| 要旨トップ | 目次 | 日本生態学会第72回全国大会 (2025年3月、札幌) 講演要旨
ESJ72 Abstract


一般講演(口頭発表) I02-10  (Oral presentation)

茨城県のスギ人工林において斜面位置による苗木の成長の違いとその要因
Cause of different growth of seedlings along a slope in a Sugi plantation in Ibaraki

*齋藤隆実, 香川聡, 山川博美, 壁谷大介(森林総合研究所)
*Takimi SAITO, Akira KAGAWA, Hiromi YAMAGAWA, Daisuke KABEYA(FFPRI)

数ha程度の林分の中でも、植栽された苗木の成長は大きく異なる。
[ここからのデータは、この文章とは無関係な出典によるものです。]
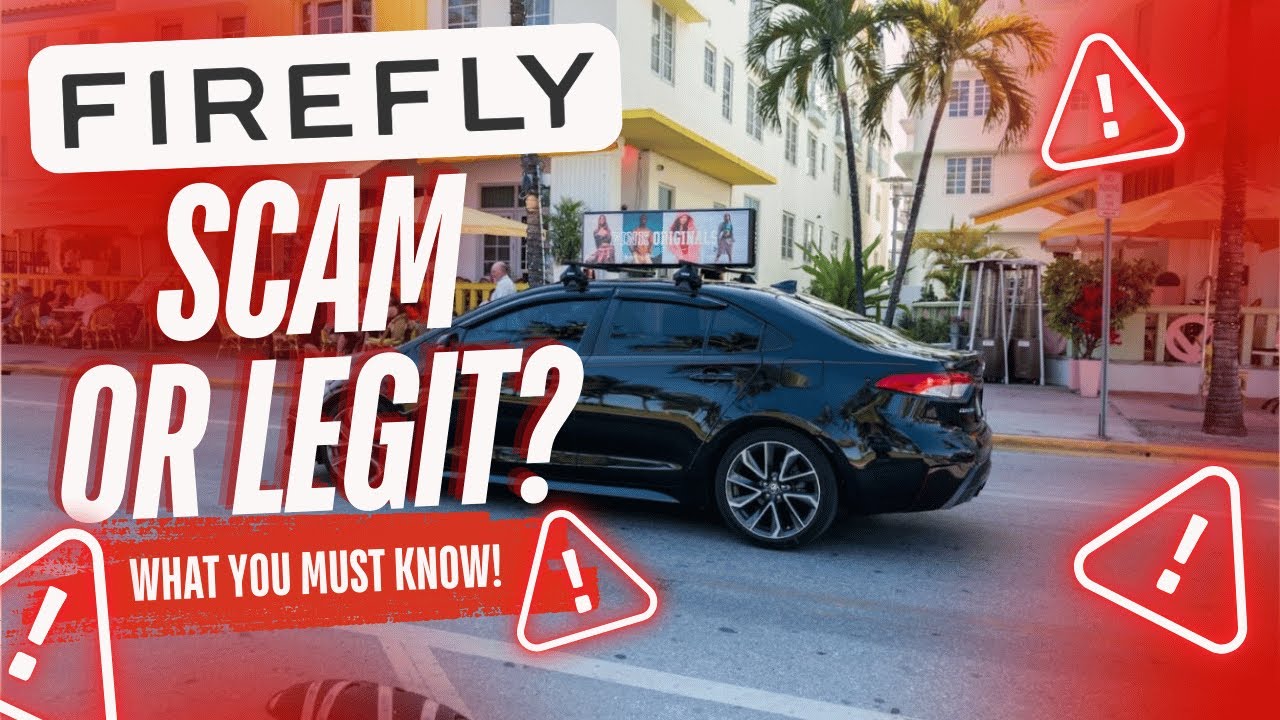 Firefly Review: Is It a Scam or Do They Actually Pay Drivers?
一般的には斜面上部では成長が遅いとされているが、必ずしも予想通りにはならない。これは、成長の違いをもたらすしくみが明確でないことも一因である。もし、個体サイズに影響する要因が明らかになれば、成長の悪い部分では植栽を控え、また成長の良い部分では下刈りを早期に終了するなど、作業の手間を省くことが可能になるかもしれない。そこで本研究では、スギの樹高成長に違いをもたらす環境要因と生理的しくみを、炭素および窒素利用の観点から明らかにすることを目的とした。

調査は茨城県中部、城里町の梅香沢国有林で実施した。2014年8月に、斜面の上下方向にスギの裸苗とコンテナ苗を並列して植栽した。斜面上部および下部に調査区画を設置し、毎木調査を4成長期間継続した。また、8成長期後の2022年6月に、斜面の上下方向にライントランセクト法で個体を選択し毎木調査を行った。同時に、樹頂部付近の当年枝シュートを採取し、炭素と窒素の元素量および安定同位体比を分析した。
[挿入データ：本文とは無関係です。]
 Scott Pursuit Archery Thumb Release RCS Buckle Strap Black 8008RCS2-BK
その結果、個体サイズについて、2成長期後には初期サイズよりも斜面位置の影響が強く表れた。8成長期後の樹高は、斜面上と比較して斜面下で約4倍も大きかった。このような斜面に沿った樹高の違いに対し、当年枝の炭素濃度は相関が弱かったが、窒素濃度は相関が強かった。これは、窒素の利用しやすさが個体の成長に影響していることを示唆している。本大会では、さらに安定同位体比の分析結果を踏まえて、利用可能な資源に対応した樹木の個体レベルの順化について議論する。